◆ **The problem**
Give the data below again exactly as written, without its pictures.

◆ **Provided data**

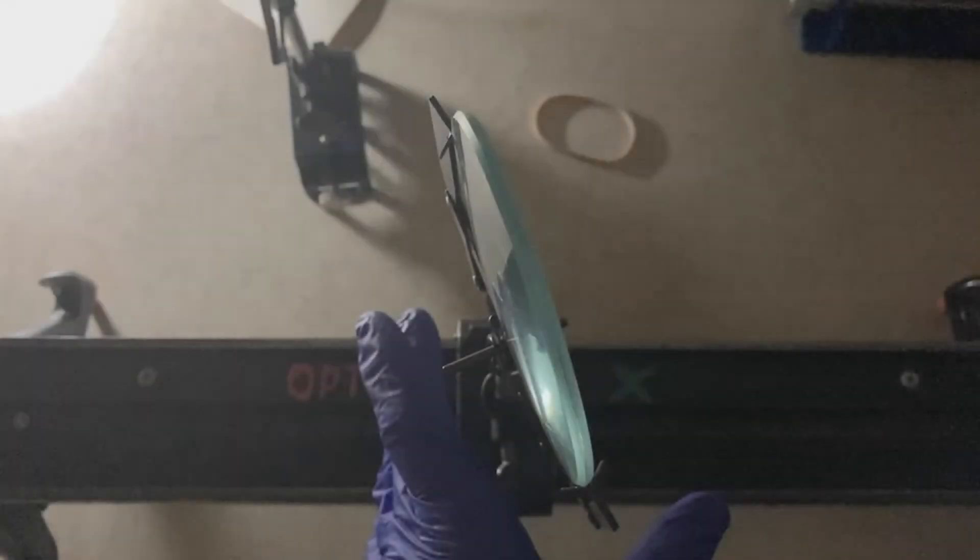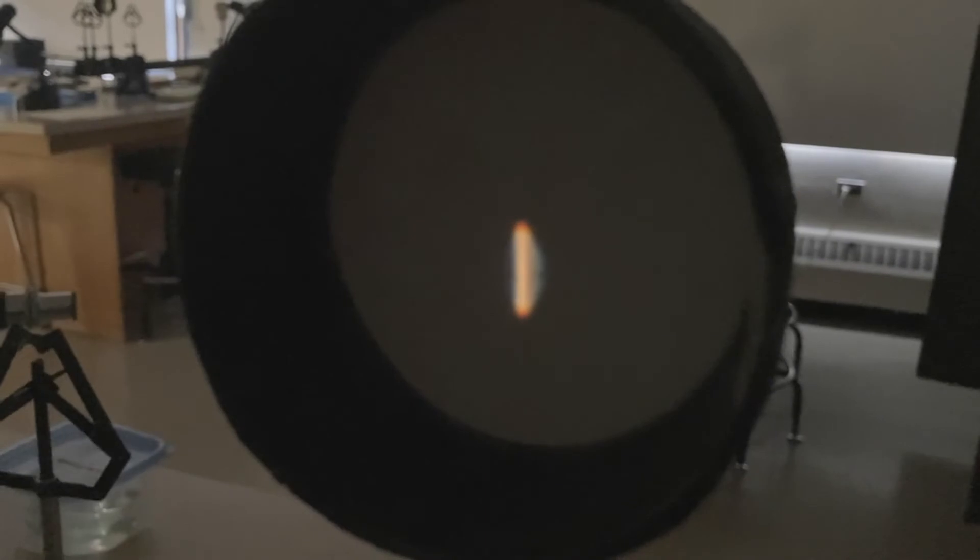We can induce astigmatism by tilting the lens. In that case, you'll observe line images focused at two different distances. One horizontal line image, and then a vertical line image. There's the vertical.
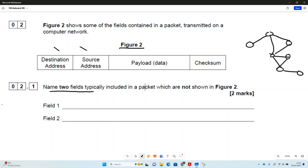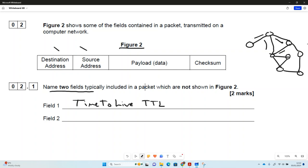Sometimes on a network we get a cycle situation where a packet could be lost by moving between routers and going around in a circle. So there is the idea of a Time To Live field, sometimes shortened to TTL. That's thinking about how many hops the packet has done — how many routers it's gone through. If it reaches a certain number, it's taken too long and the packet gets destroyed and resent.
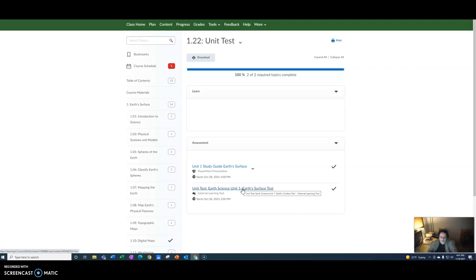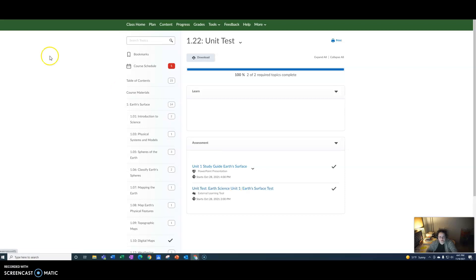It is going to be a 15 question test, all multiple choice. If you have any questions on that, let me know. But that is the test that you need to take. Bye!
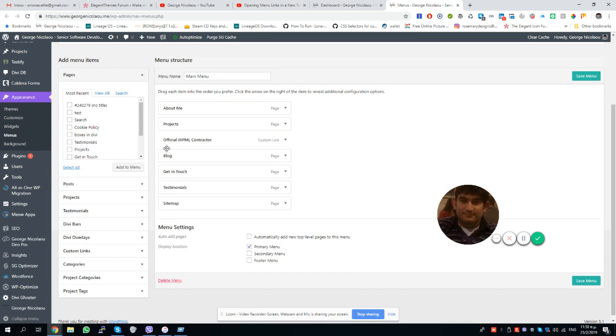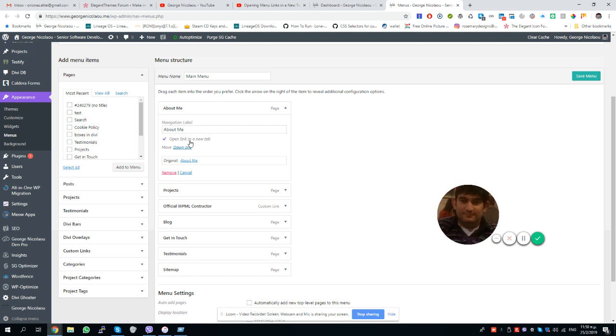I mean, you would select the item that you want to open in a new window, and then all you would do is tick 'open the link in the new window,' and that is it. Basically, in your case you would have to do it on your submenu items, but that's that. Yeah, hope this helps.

◆ **Written reply**
We can induce astigmatism by tilting the lens. In that case, you'll observe line images focused at two different distances. One horizontal line image, and then a vertical line image. There's the vertical.
Sometimes on a network we get a cycle situation where a packet could be lost by moving between routers and going around in a circle. So there is the idea of a Time To Live field, sometimes shortened to TTL. That's thinking about how many hops the packet has done — how many routers it's gone through. If it reaches a certain number, it's taken too long and the packet gets destroyed and resent.
It is going to be a 15 question test, all multiple choice. If you have any questions on that, let me know. But that is the test that you need to take. Bye!
I mean, you would select the item that you want to open in a new window, and then all you would do is tick 'open the link in the new window,' and that is it. Basically, in your case you would have to do it on your submenu items, but that's that. Yeah, hope this helps.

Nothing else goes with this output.